The neural network performances degrades with higher ODE system dimensions. Specifically, for ODE systems with 32 equations, the model performance is still not acceptable after extensive hyperparameter tuning (including by Optuna (Akiba et al. 2019)) and trying different technical options. Multiple options of scheduler, recurrent architectures, and optimizer were tried, as well as using larger training sample. Among these trials, ReduceLROnPlateau scheduler, Adam optimizer, and larger sample size helped to improve performance.
Training the neural network on larger data sets. Efficient approaches are needed for generating and training large data sets. Both processes will need parallelization. A separate data loading process is also necessary because of the memory cost.
Data augmentation is needed to promote training. A novel transformation of time dynamics has been implemented and is currently being tested.
In the ensemble simulation procedure (Battogtokh et al. 2002), MCMC converges to a local fit region in the model parameter space. This local region contains many parameter sets (the model ensemble) and each set in the MCMC sample is of similar fit quality, given the experimental data. An ensemble of similar fitted models gives a natural uncertainty estimation for the fitting. This is particularly crucial when only sparse less experimental data are available for a model of high complexity.
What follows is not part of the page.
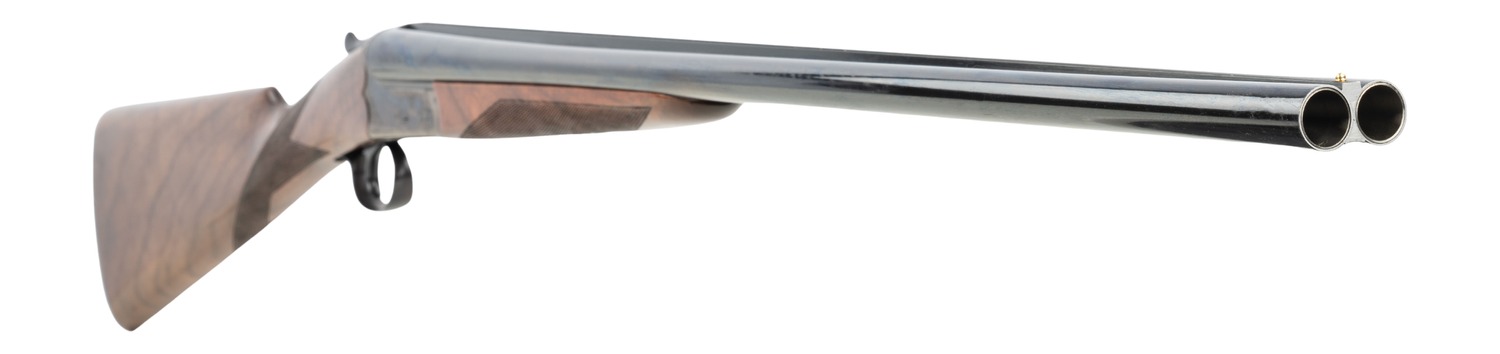 Dickinson ES18 side-by-side shotgun angled view showing twin barrels and walnut stock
The procedure is to compute the ODE \(\frac{dY(t)}{dt}=HY(t)\) and format the input and output for neural network. There is \(N\) dimensions (equations of complex number) and \(M\) time points.
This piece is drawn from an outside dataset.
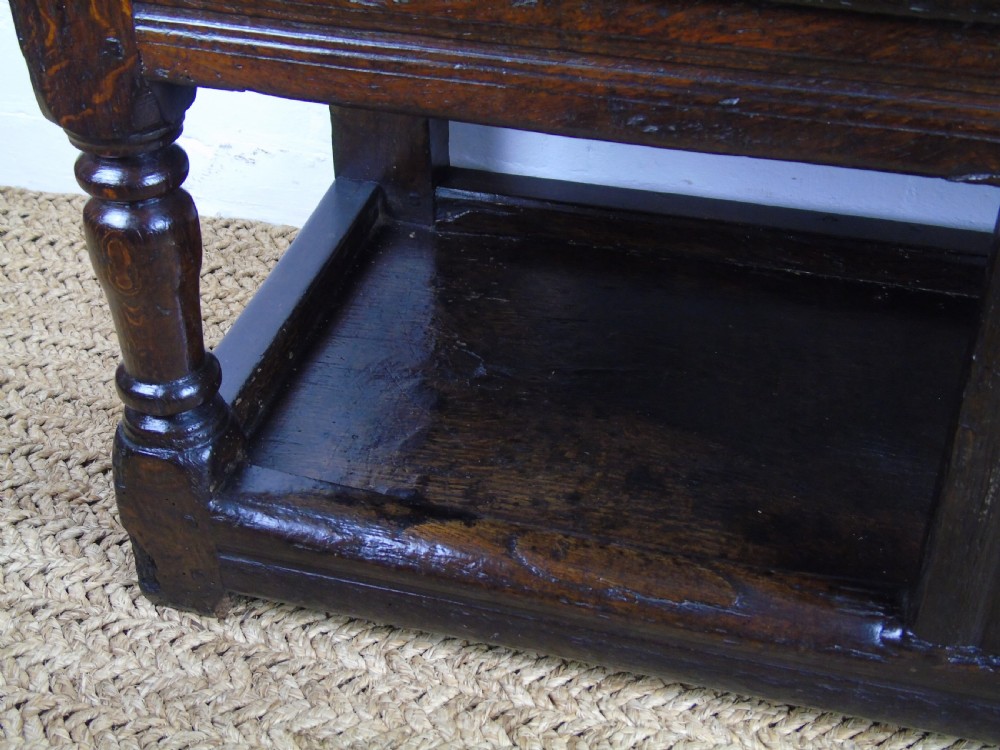 A rare and unusual early 17th Century settle.  View XVII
Random select non-zero elements (NE) for \(H\) matrix. Diagonal elements are always included and they represent the contribution of a value to its own derivative. This topology (location of non-zero elements) is fixed for the following simulations and recorded in \(I_{conn}\)
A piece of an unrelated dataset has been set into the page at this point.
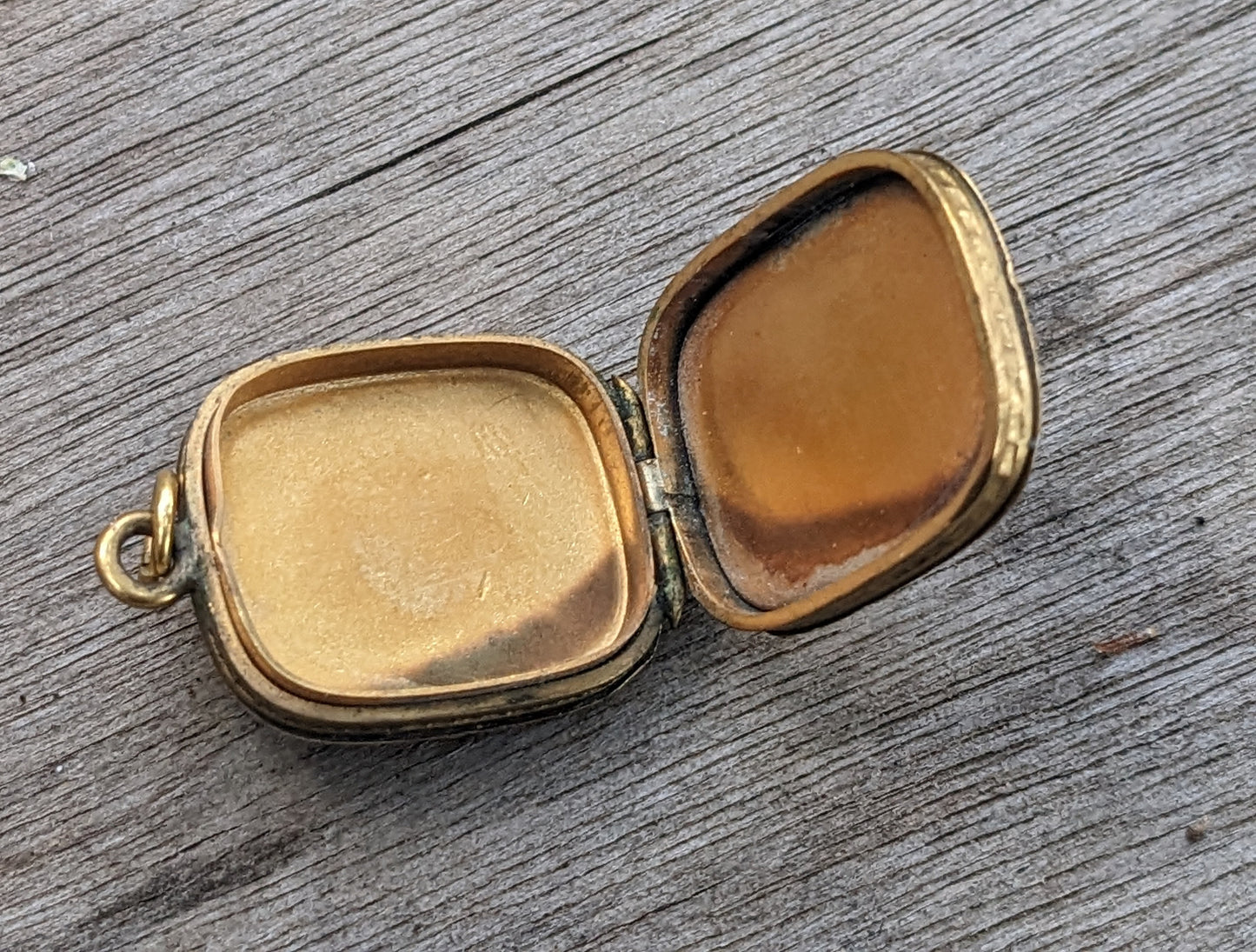 10K yellow gold locket with ruby and split pearl accents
Generate \(\widetilde{H}\)
For each NE, sample real and imaginary parts from \(Unif(-1,1)\)
Eigen value shifting
Decomposition \(\widetilde{H}=U'D'V'\) and \(d'=diag(D')\)
\(\Delta{d'}=|max(real(d'))|\)
\(H=\widetilde{H}-S \Delta d' I\) where \(S=1.01\) to make sure all eigen values have negative real parts and so the dynamic system does not diverge.
Decomposition \(H=UDV\)
Generate \(Y_{ini}\)
Sample real and imaginary parts from \(Unif(-1,1)\)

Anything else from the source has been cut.